The Polish Boxer by Eduardo Hafon

 

Is it a novel? A collection of short stories? A novella? A memoir? Poetic prose? A bird? A plane? A superbook? Does it even matter?

No, it doesn’t matter (except, perhaps, to people who love labels and are desperate to categorise everything). And whatever genre/s it is, Eduardo Halfon’s book The Polish Boxer is one of the best texts I’ve read this year.

The blurb on the back of the book reads as follows: ‘A young Eduardo Halfon believed in the lie that the green tattoo on his grandfather’s arm was a phone number. Grown up, a writer and a professor, he believes in literature, in music, in a friend’s digressive, confessional, mythical postcards, in his girlfriend’s graphs of the arcs, plateaus and spikes of her orgasms. He learns the real story of the tattoo, and he thinks and journeys in pursuit of what makes a person and what makes a story.’ This is a start towards describing or explaining the book, but doesn’t exactly cover it.

The Polish Boxer by Eduardo Hafon review
The Polish Boxer
by Eduardo Hafon
translators: Ollie Brock, Lisa Dillman,
Thomas Bunstead, Anne McLean
and Daniel Hahn
186 pp., London: Pushkin, 2012.

The Polish Boxer is about a man who is trying to figure out who he is, where he came from, where he is going. It’s about encounters – with oneself and with others – and about exile – self-imposed or forced by others. It covers a lot of territory, both geographical and metaphorical: the protagonist’s grandfather, a survivor of a Nazi concentration camp, moves to Guatemala, and the protagonist himself eventually leaves Guatemala for Serbia and America. He also leaves Judaism, even if he doesn’t quite leave behind all that it represents (he may throw away his yarmulke, but he doesn’t throw away its symbolism).

Eduardo Halfon, the character and perhaps also the author, although the distinction is quite blurred, is a literature professor, and a scholar. The importance of art, whether in the form of books, drawings, or music, is a key theme in this work, and at times the reader can feel as though s/he is sitting in on a class at a university; this isn’t to say that the text is didactic in any way, because it is not. Rather, it is both personal and somehow universal at the same time, so that a reader can feel that s/he is learning and growing while reading, which is how the best books should make a reader feel.

The book is fascinating in and of itself, but it also has a really interesting backstory in regard to its translation. Daniel Hahn, one of the five translators involved in making this text available in English, explained that several of the translators independently discovered Halfon’s work and translated some of his stories/chapters/sections/whatever they should be called. The translators approached publishers and the book was accepted as a short story collection. The idea was that the translators could each translate a chapter/story or two and they could edit each other’s work.

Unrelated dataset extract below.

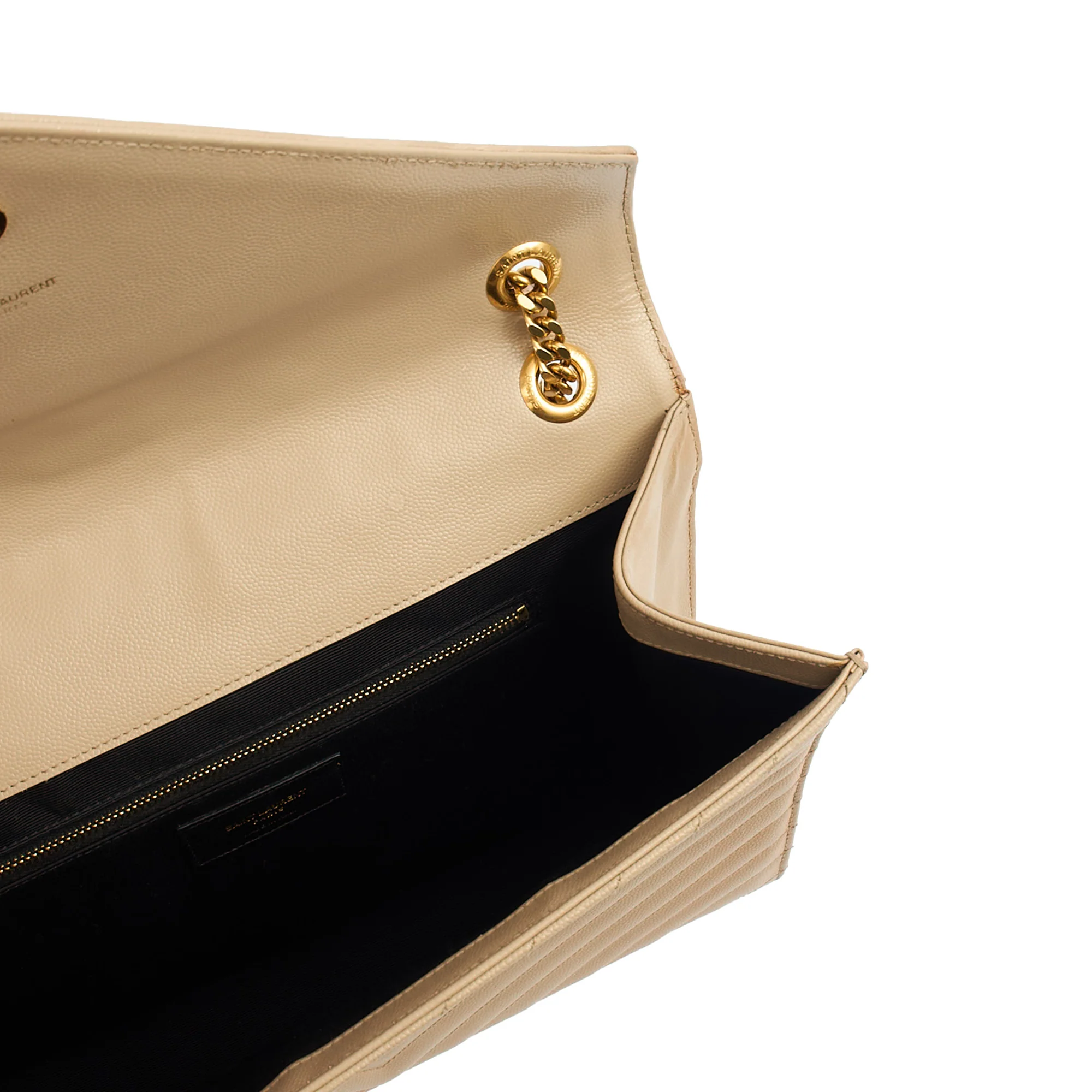 Picture of Saint Laurent Shoulder Bag Envelope - Large in Neutral, Calfskin Leather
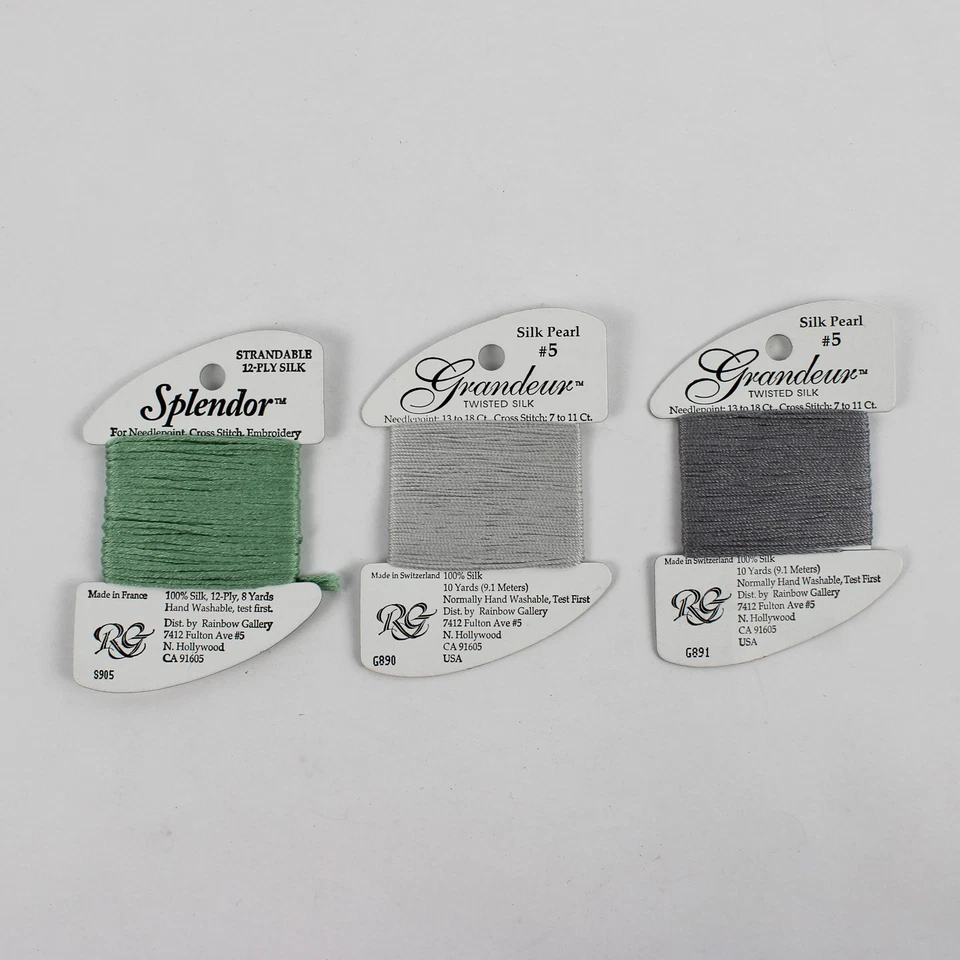 New Lot of 3 Silk Threads for Needlepoint & Cross Stitch, 8-10 yds. Each - Image 1 of 4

However, Eduardo Halfon has a habit of reworking his texts, and he in fact expanded one of the original chapters in the published Spanish-language version of this book into a novella. This then changed the shape of the text that was to be translated. So the novella was divided into four sections/stories, and next a new story was added. What this means, in short, is that the translated book called The Polish Boxer is not simply a translated version of the Spanish El boxeador polaco; the two books have some stories/chapters in common, but not all. They thus do not tell the same story. Considering the discussions in the book about literature, including translation, and about the self, which, of course, comes in versions and is translated depending on the context, the story behind the Spanish and English texts is interesting and somehow fitting.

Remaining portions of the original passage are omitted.